Eles tiraram o futebol do país da lama para transformá-lo no mais organizado e poderoso do mundo. Estádios lotados e novos craques despontaram de uma filosofia simples: o papel social do esporte é mais importante que qualquer troféu

Por Guiliherme Pavarin
Atualizado em 2 fev 2017, 18h20 - Publicado em 5 set 2013, 22h00

No comecinho dos anos 2000, o grandalhão Oliver Bierhoff era o maior – e bota maior – símbolo do então apático futebol alemão. Experiente, corpulento, de canelas longas, pouca técnica e quase nenhuma movimentação, o centroavante abusava dos seus 1,91 m para finalizar as jogadas do único jeito que sabia: pelo alto, entre os zagueiros, cabeceando firme para dentro das redes. O movimento era repetido à exaustão. Jogo a jogo.

Na Eurocopa de 2000, na Bélgica, os alemães sentiram a limitação bater na ponta das chuteiras.

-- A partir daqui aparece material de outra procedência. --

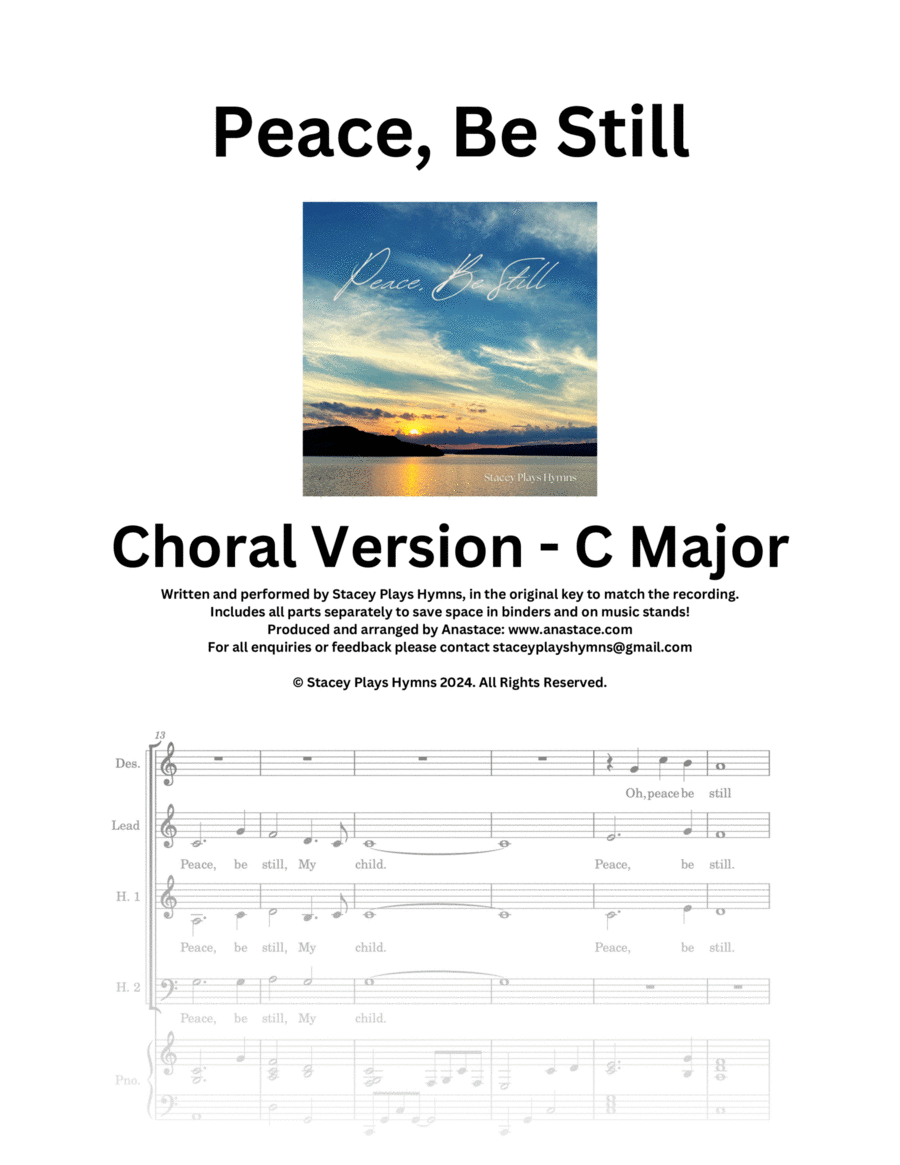 Peace, Be Still - Choral Version Choir scores gallery preview page 1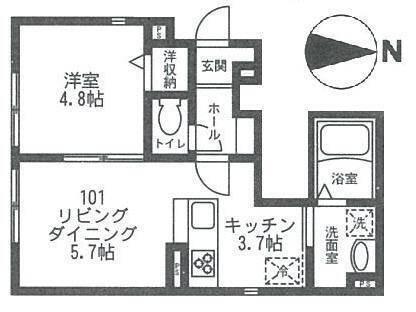 ルシーナ大森（101） 間取り図画像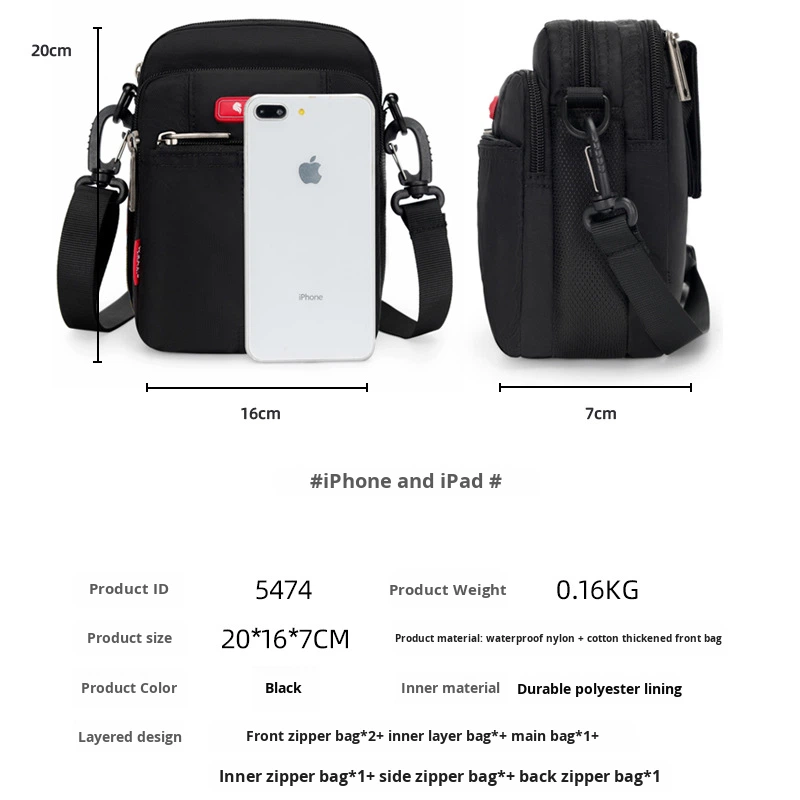 Men's Waterproof Oxford Crossbody Sling Bag – Business Casual Single Shoulder Messenger Bag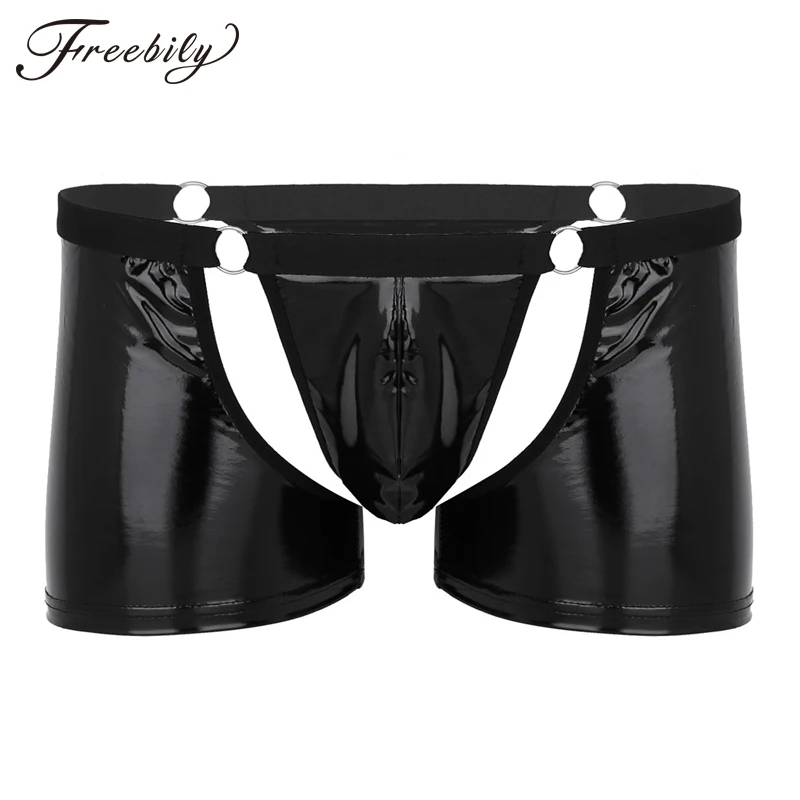 Black Mens Lingerie Wetlook Soft Faux Leather Cut Out Bulge Pouch Low Rise Boxer Shorts Underwear Perfect for lingerie night |
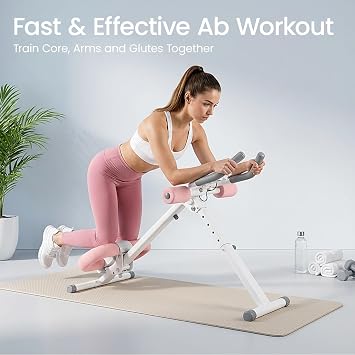 Ab Machine Adjustable Ab Trainer for Home Gym Foldable Abs Workout Equipment with Knee Padding and LCD Monitor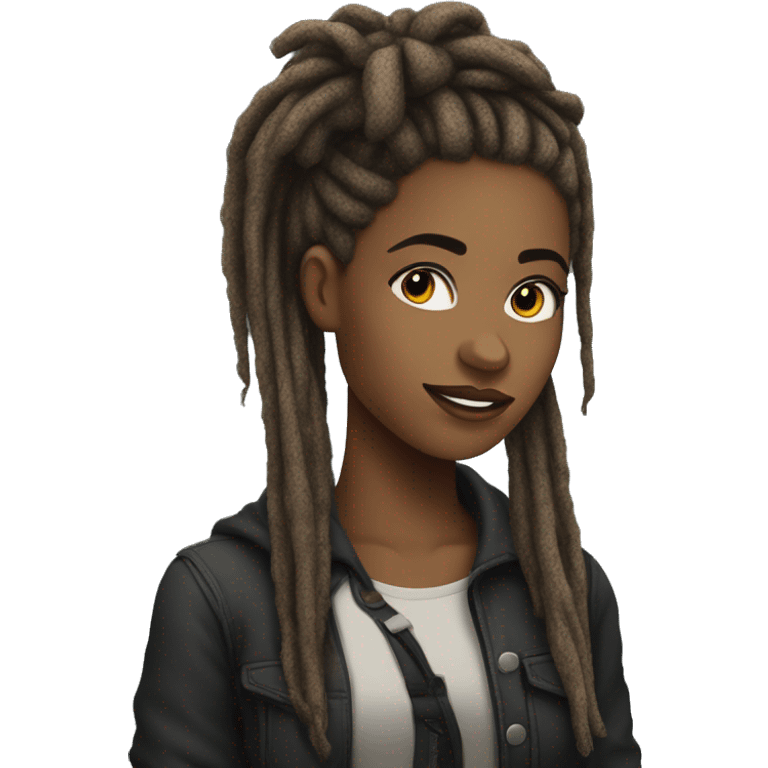 Jeune Femme Dreadlocks noir et détachées  emoji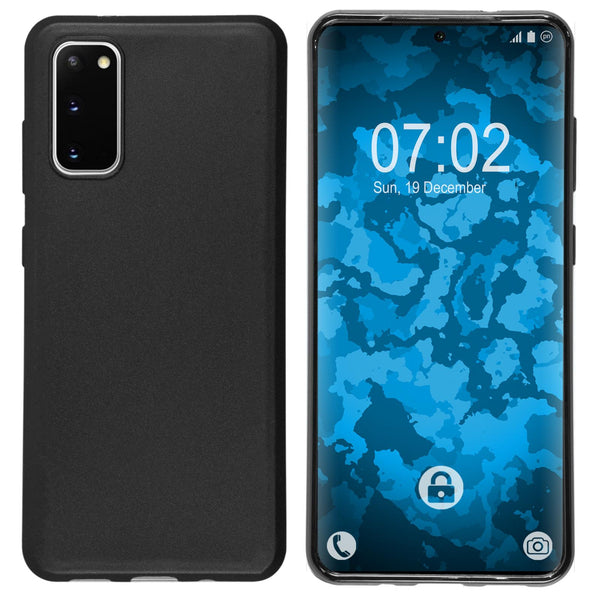 PhoneNatic Case kompatibel mit Samsung Galaxy S20 - schwarz Silikon Hülle matt Cover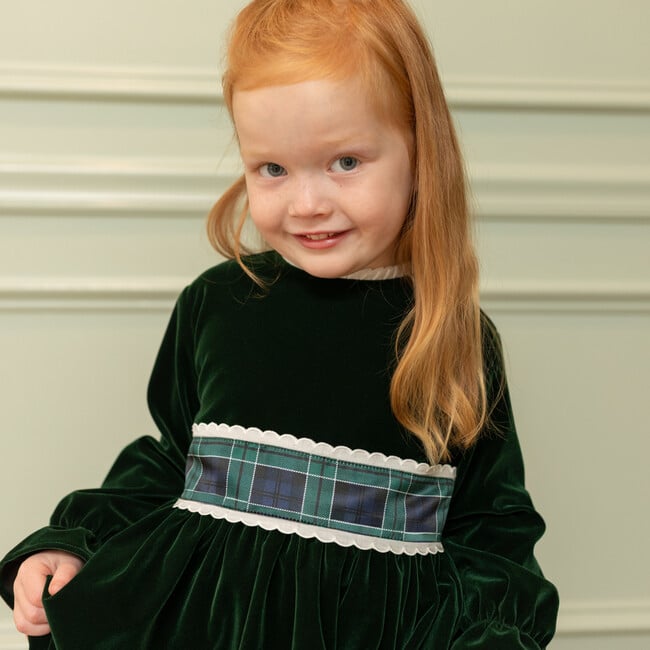 Eliza Dress, Grafton Green Velvet - Dresses - 4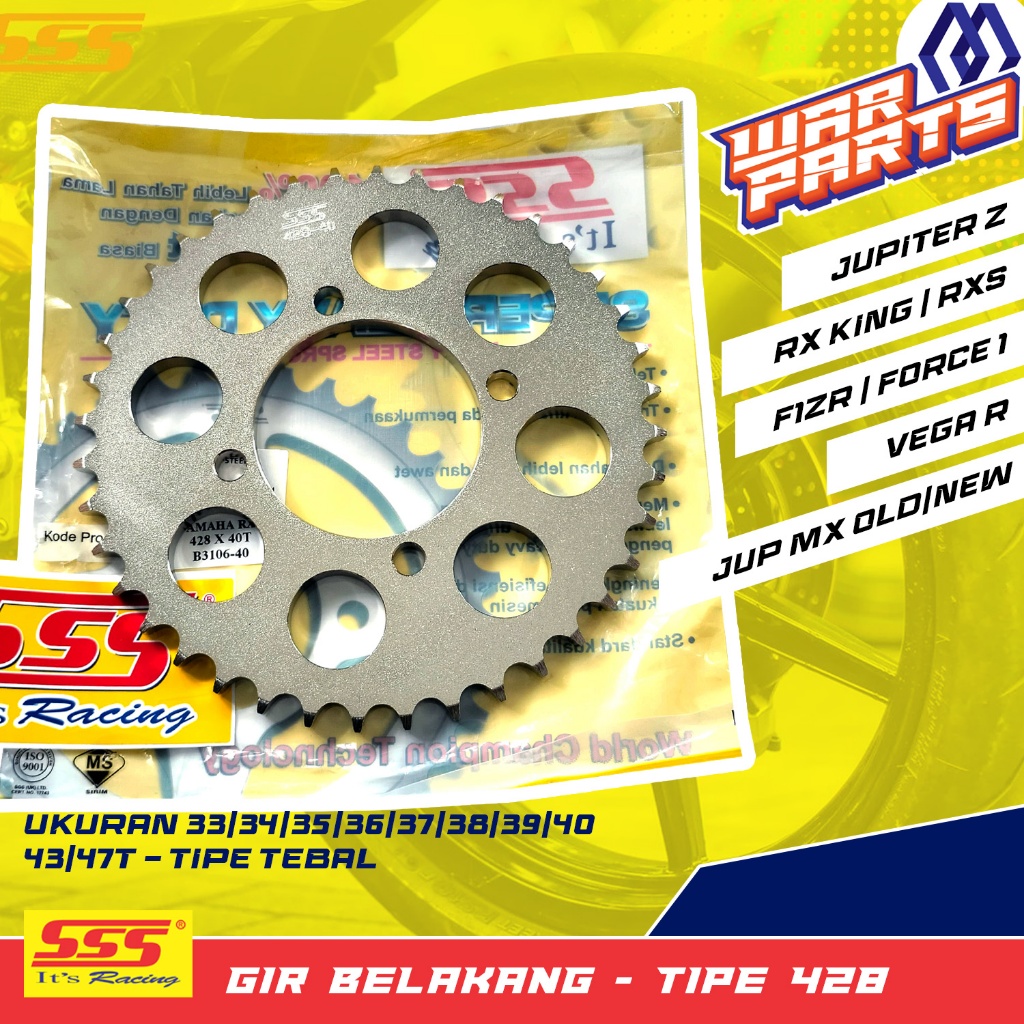 Gear Gir Belakang SSS 415 / 428 Yamaha Jupiter Z RX King F1ZR Jupiter MX 135 Old / New Vega R Crypto
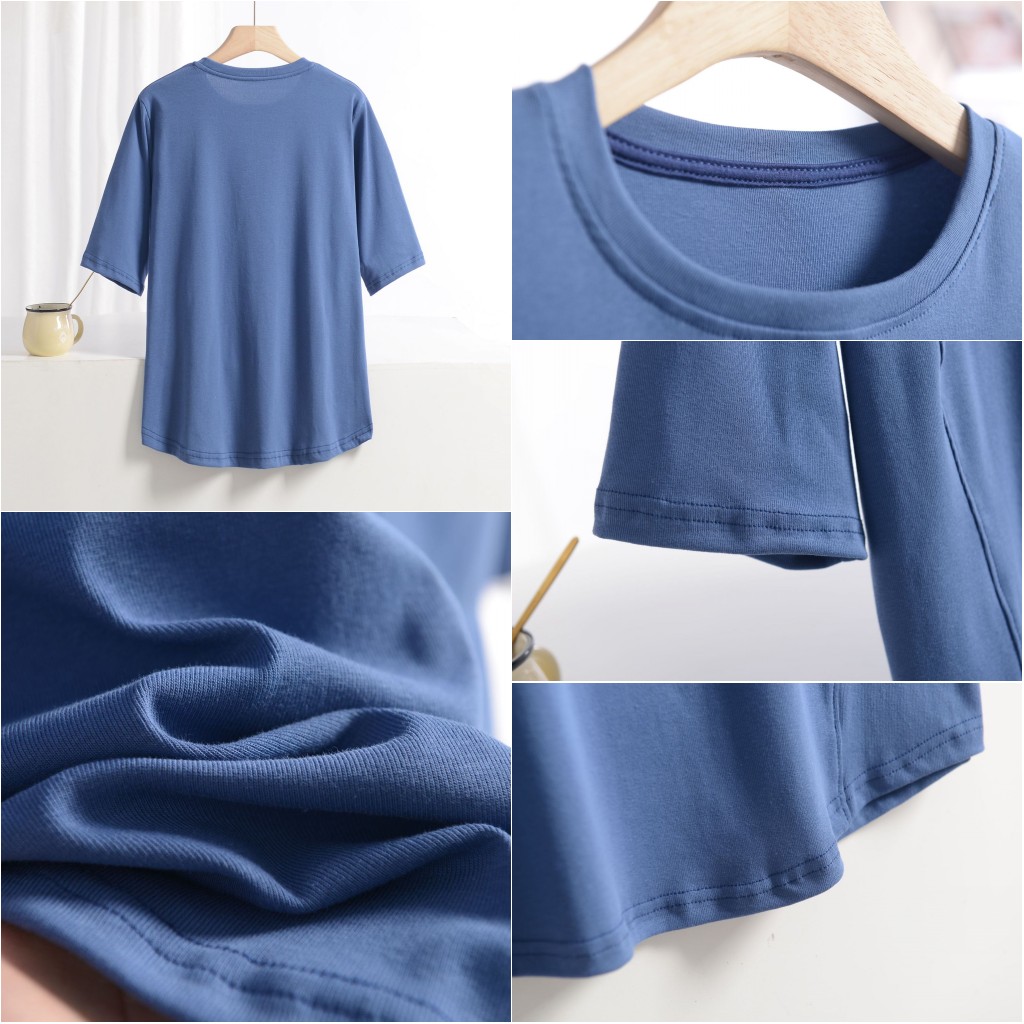 XL à 8XL grande taille t-shirts col rond T-shirt basique femme couleur unie demi manches été simple T-shirt hauts t-shirts à fond tout tapis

Atirados em um grupo com equipes fortes – Inglaterra, Portugal e Romênia -, caíram logo na primeira fase, marcando apenas um ponto e um gol. Vexame para uma camisa tricampeã mundial, que já tinha vestido Franz Beckenbauer, Karl Rummenigge, Paul Breitner. “Estávamos pensando exatamente como vocês brasileiros pensam hoje: que não precisávamos aprender nada. E fomos jogando cada vez pior, pior e pior”, resumiu o próprio Breitner numa entrevista recente para o canal ESPN Brasil. Mas a queda em 2000 fez os alemães acordarem. Autoridades foram a público e tornaram o desempenho da seleção assunto de estado. O governo traçou um plano ambicioso: em uma década, a Alemanha deveria voltar a ser uma potência futebolística.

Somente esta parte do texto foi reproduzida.